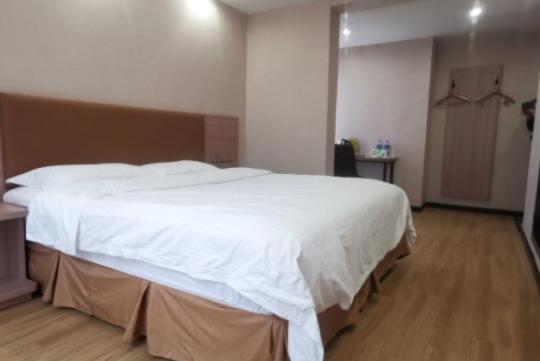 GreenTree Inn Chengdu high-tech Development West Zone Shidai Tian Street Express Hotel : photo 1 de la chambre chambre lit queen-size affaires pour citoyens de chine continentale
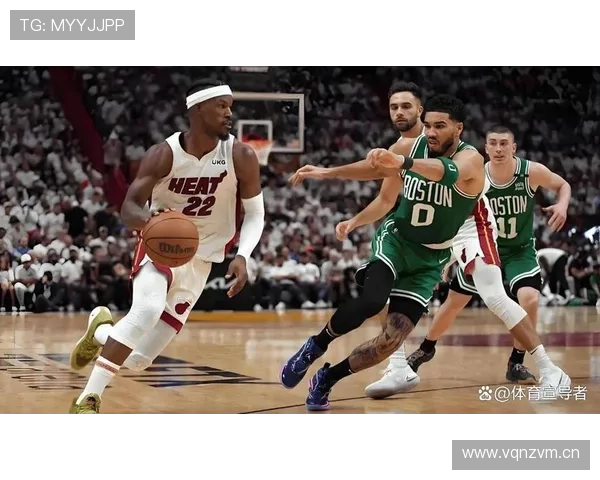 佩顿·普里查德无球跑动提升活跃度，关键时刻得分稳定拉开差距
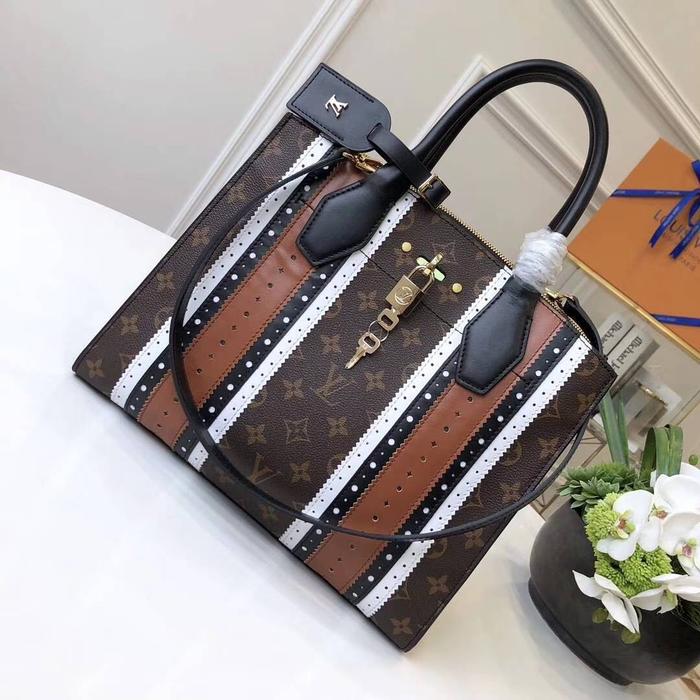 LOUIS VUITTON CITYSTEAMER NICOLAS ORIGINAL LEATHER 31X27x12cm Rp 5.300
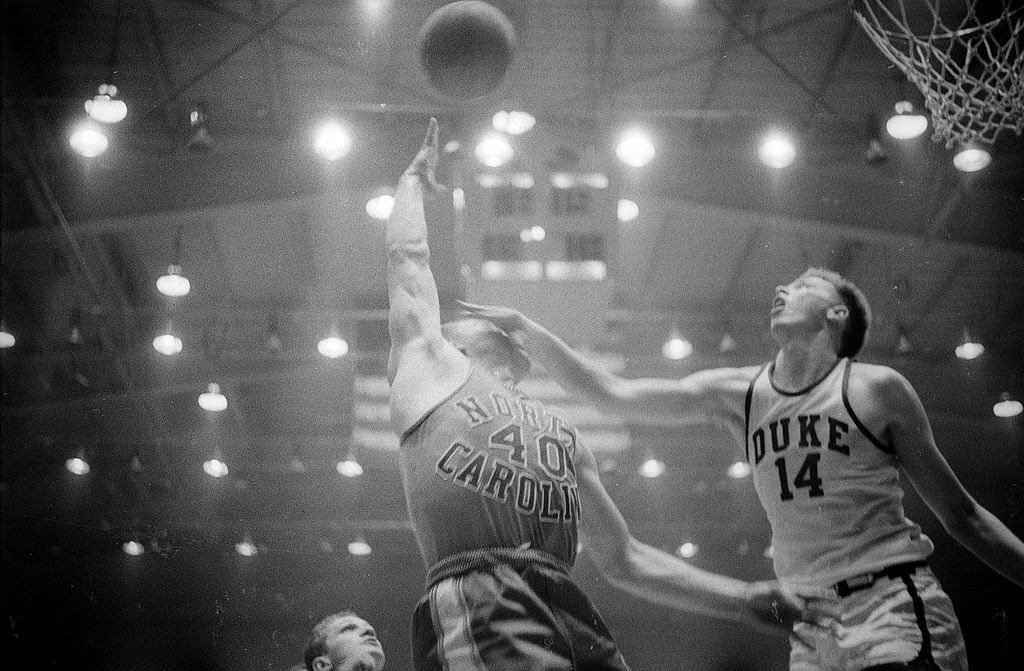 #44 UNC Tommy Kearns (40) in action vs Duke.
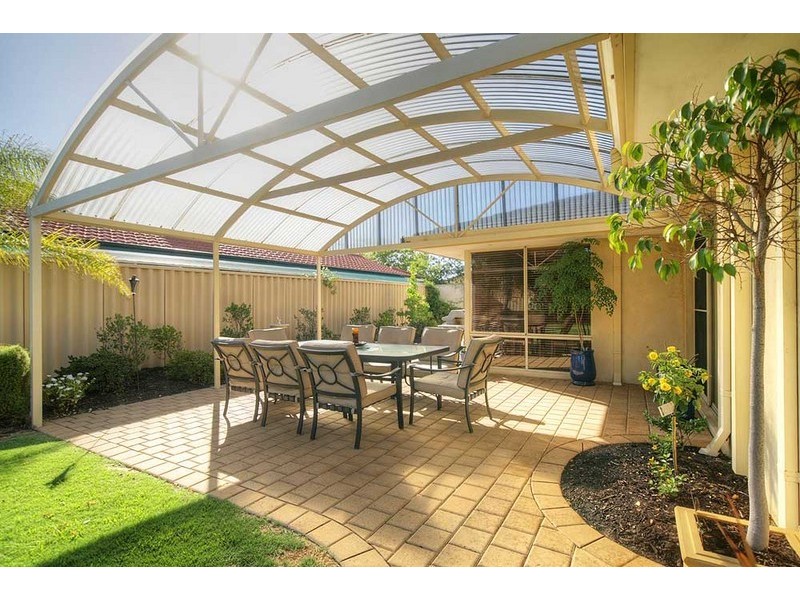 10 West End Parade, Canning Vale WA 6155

...

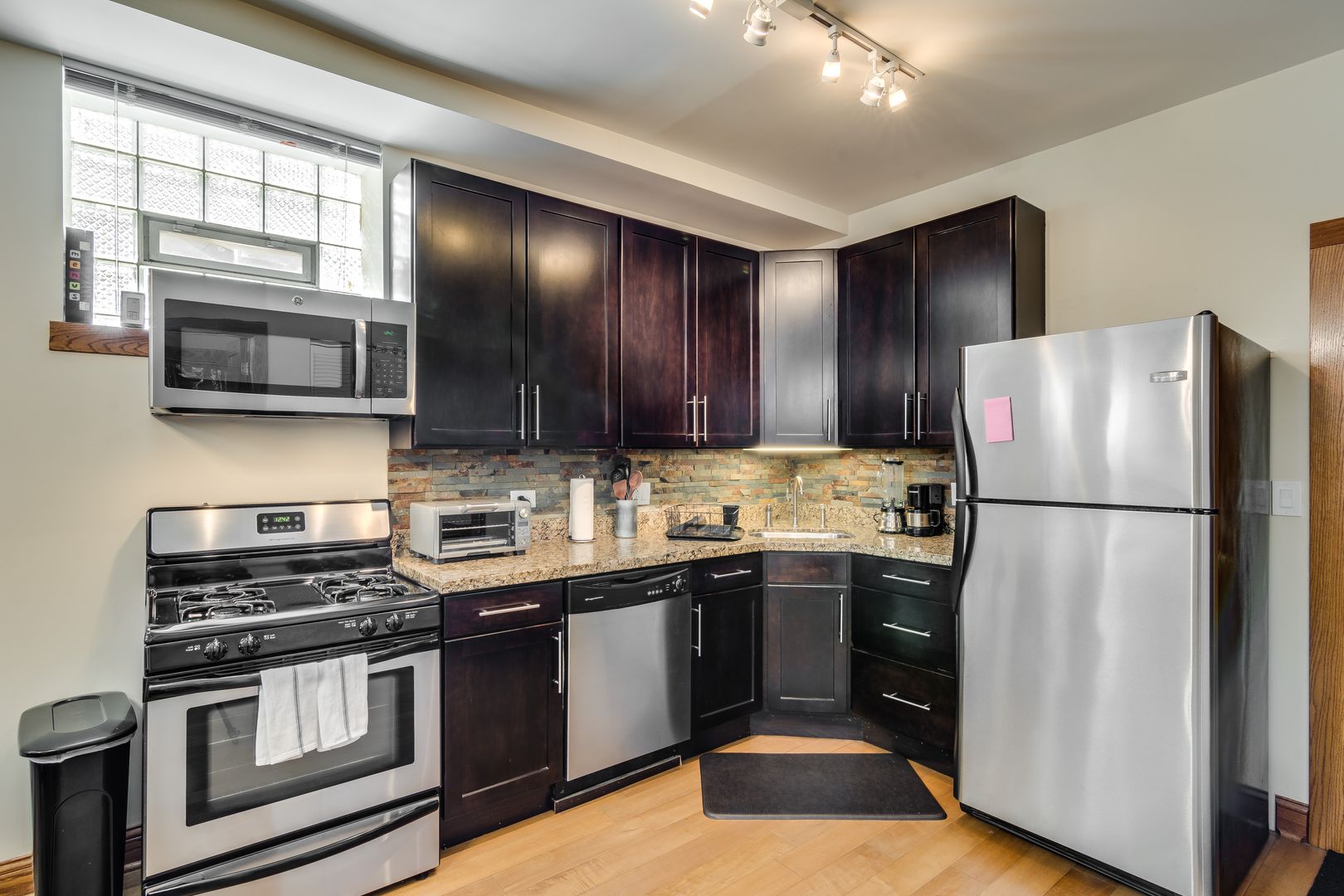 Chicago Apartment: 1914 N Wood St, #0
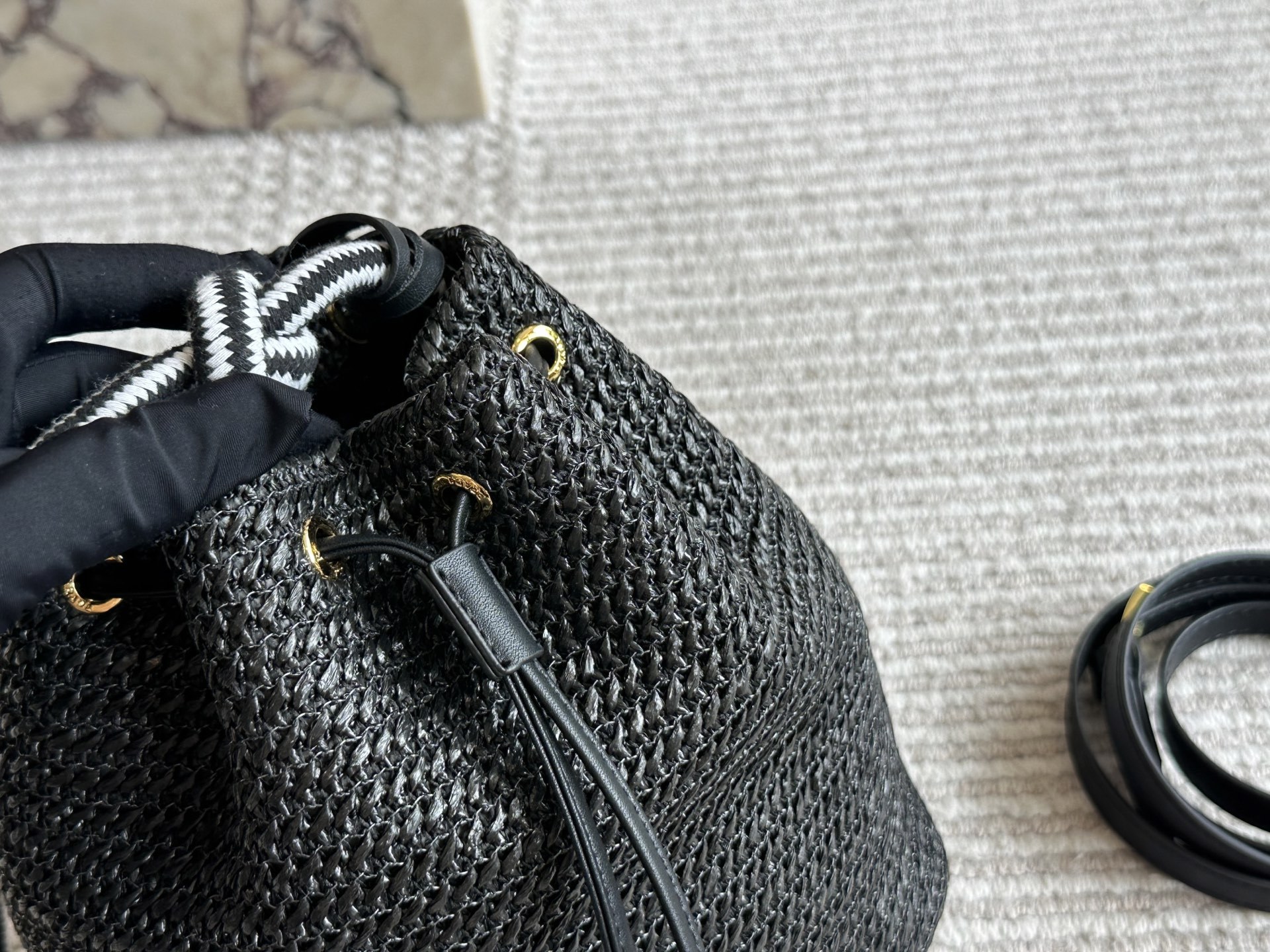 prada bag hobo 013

==

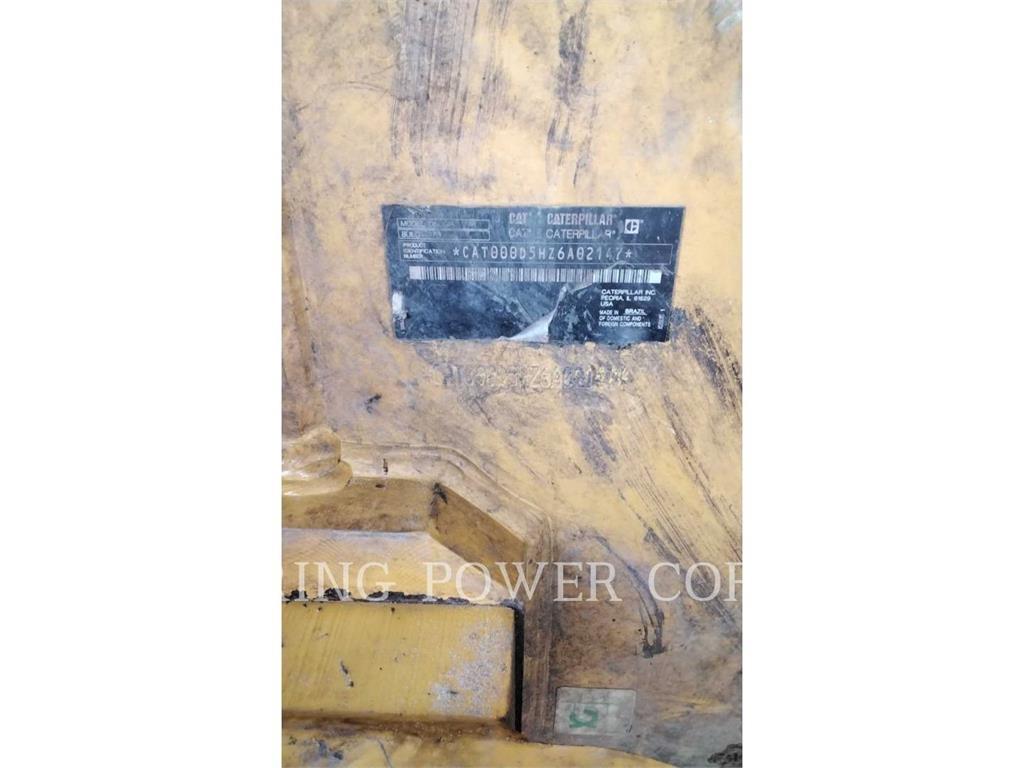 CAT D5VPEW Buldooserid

[WORK INSTRUCTIONS]
Starting at the line containing "Chicago Apartment: 1914 N Wood St, #0" and stopping at the line containing "prada bag hobo 013", output each line exactly as it appears above. Leave out the pictures.

[EXERCISE ANSWER]
 Chicago Apartment: 1914 N Wood St, #0
 prada bag hobo 013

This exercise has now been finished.